Natural Language Processing

devank
10 Apr 2016

Johns Hopkins University - Coursera Data Science Capstone Project in cooperation with SwiftKey.

Procedures

Following tasks are performed.

Task 1: Getting and Cleaning the Data
Task 2: Exploratory Data Analysis
Task 3: Modeling
Task 4: Prediction Model
Task 5: Creative Exploration
Task 6: Data Product
Task 7: Slide Deck

Corpus data comes from a corpus called HC Corpora. Excisiting R packages were used for text mining and natural language processing.

Underlying Algorithm

This model reads last few words of a sentence and uses statistics about a large collection of English sentences to predict the most probable next word. Sample is from blogs, news and Twitter.

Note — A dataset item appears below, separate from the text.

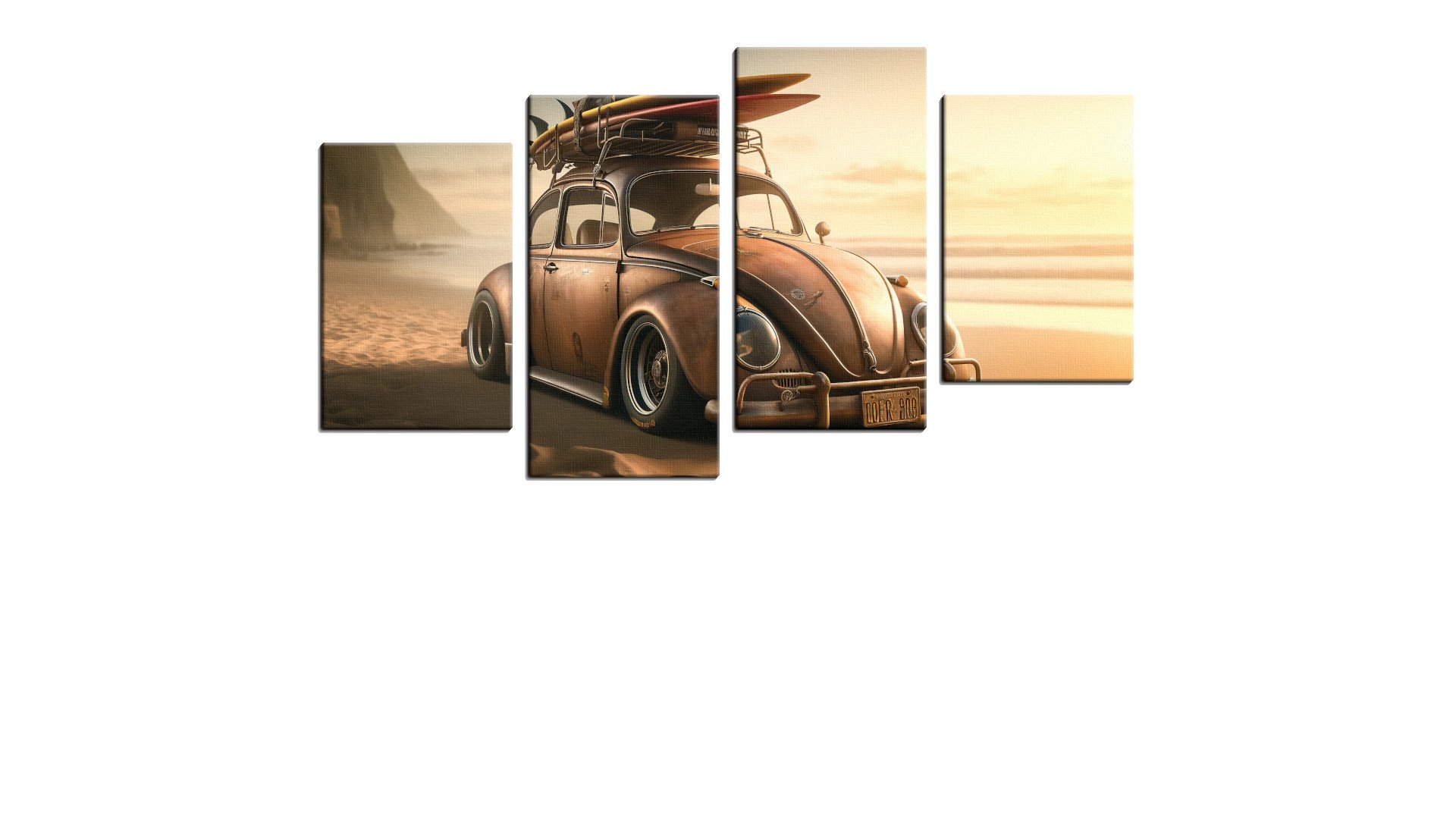 Surfers Beetle with Boards on the Beach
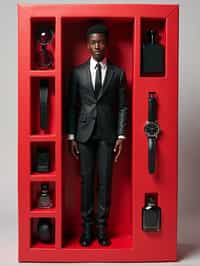 man as an action figure in packaging labeled 'SEXY EDITION'. Use man as a reference for the face. Model is 6 inches tall and dressed in  suit and tie outfit, and striking a confident pose. The cardboard section should be red. Include an 'Accessories' section with items like sunglasses, perfume/cologne bottle, and elegant watch. Make the design visually appealing and alluring. Do not include the character image on packaging.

First the data sample was cleaned. Then the sample data was tokenized into n-grams. Following n-grams were created to get the frequency dictionaries.

unigram
bigrams
trigrams
quadgrams

Above data.frames are used to predict the next word for a given word.

Instructions

You need to enter a word in the input field given.

Application Screenshot

The predicted word appears bellow.
Number of words to predict is shown on the right.
N/A appears if the app can't predict

Embedded live version is loaded here.

Not working? Please visit: https://devank.shinyapps.io/NPLshinny.

Next Steps?

Currently only last 3 words are considered. This could be expanded to include broader sentences.
Currently numerics are not considered.
Out put is a continuous sentence. It never finishes. Need to look at the whole sentance.